Mais en sociologie, la notion de socialisation detient 1 sens specifique, designant le mouvement avec lequel la societe faconne des individus vivant en le sein. En partant des individus, la socialisation se definit tel le processus par lequel un etre biologique reste transforme en un etre social propre a une societe determinee. Pour le sens, des sociologies durkheimienne et weberienne, qu’on oppose trop souvent Afin de des raisons de commodite pedagogique, partagent le meme grand objectif : saisir comment des formes de relations sociales, plus ou moins durables, fabriquent des « types d’homme » differencies (Max Weber), des « etres sociaux » adaptes a une societe et, plus precisement i nouveau, a toutes les « milieux speciaux » auxquels ils seront destines (Emile Durkheim). En sociologue des religions attache a rendre raison des modes de production et de reproduction des croyances, Weber a longuement analyse, entre autres, le caractere systematique et methodique de l’entrainement ethique impose a leurs membres par les sectes ascetiques.
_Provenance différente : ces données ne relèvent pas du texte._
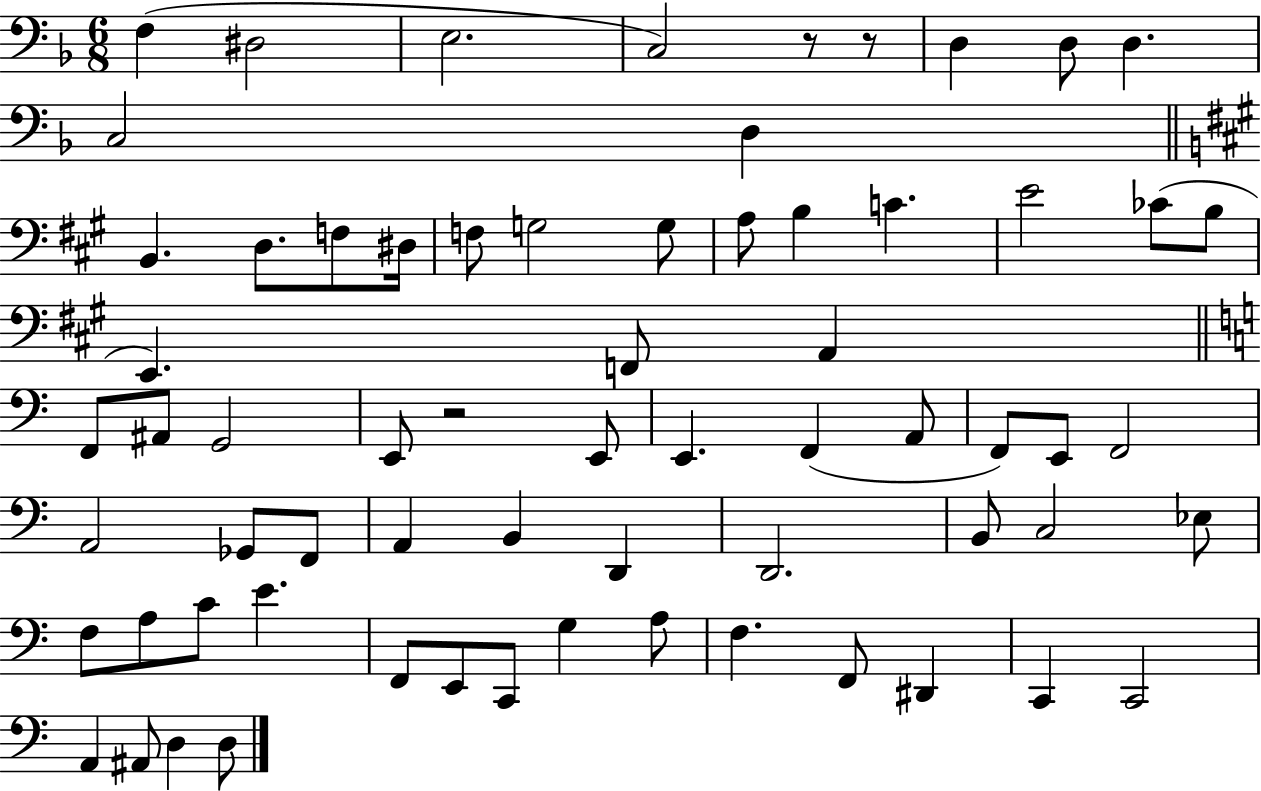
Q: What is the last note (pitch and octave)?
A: D3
Durkheim, quant a lui, a davantage mis l’accent concernant le role en famille ainsi que l’ecole, en definissant l’education tel « une socialisation methodique en petit generation ».
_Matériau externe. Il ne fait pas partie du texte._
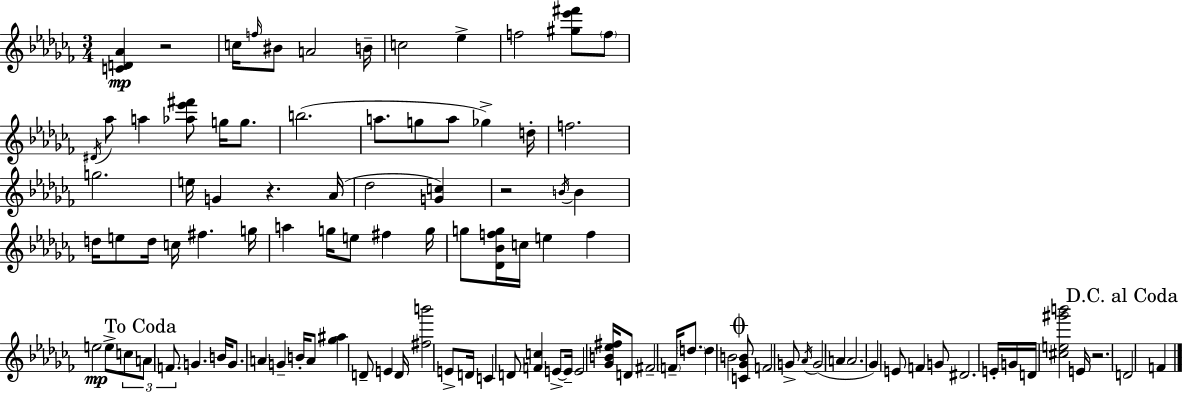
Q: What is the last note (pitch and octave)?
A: F4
Meme si les etudes sur la socialisation ne se paraissent pas vraiment organisees en secteur specialise d’la sociologie, nombreux sont les sociologues qui, voili des grands fondateurs d’une discipline, ont cherche a saisir comment des experiences socialisatrices nos plus variees se sedimentent en manieres plus ou moins durables d’observer, de sentir et d’agir (propensions, inclinations, manieres d’etre persistantes, habitudes, ethos, habitus, dispositions, perspectives, etc.), ainsi, De quelle fai§on ces marchandises du passe incorpores par nos socialises determinent en part leurs actions et reactions.
Comment l’heritage vient-il a l’heritier, surtout si votre heritage reste essentiellement « immateriel », constitue de manieres d’observer, de sentir et d’agir, c’est-a-dire d’habitudes corporelles, de croyances, de categories de perception et d’appreciation, d’interets ainsi que desinterets, de gouts et de degouts ? Comment apprend-on, comme, a devenir fille ou femme, futur medecin, paludier, fumeur de marijuana, anorexique, boxeur ou danseuse ? Qu’est-ce qui caracterise les formes scolaires de socialisation via rapport aux formes orales et pratiques de socialisation ? Comment interiorise-t-on nos rapports au monde et a autrui propres a sa classe sociale a travers l’apprentissage de codes sociolinguistiques ? Par quels processus se constituent des valeurs ou des visions politiques ? Comment se socialise-t-on aussi « entre egaux » durant la periode de l’enfance ? Les chercheurs ont travaille sur des aspects tres diversifies d’une socialisation, tant du cote des cadres socialisateurs et des modalites d’une socialisation que du cote des processus d’incorporation ou d’interiorisation vecus avec nos socialises.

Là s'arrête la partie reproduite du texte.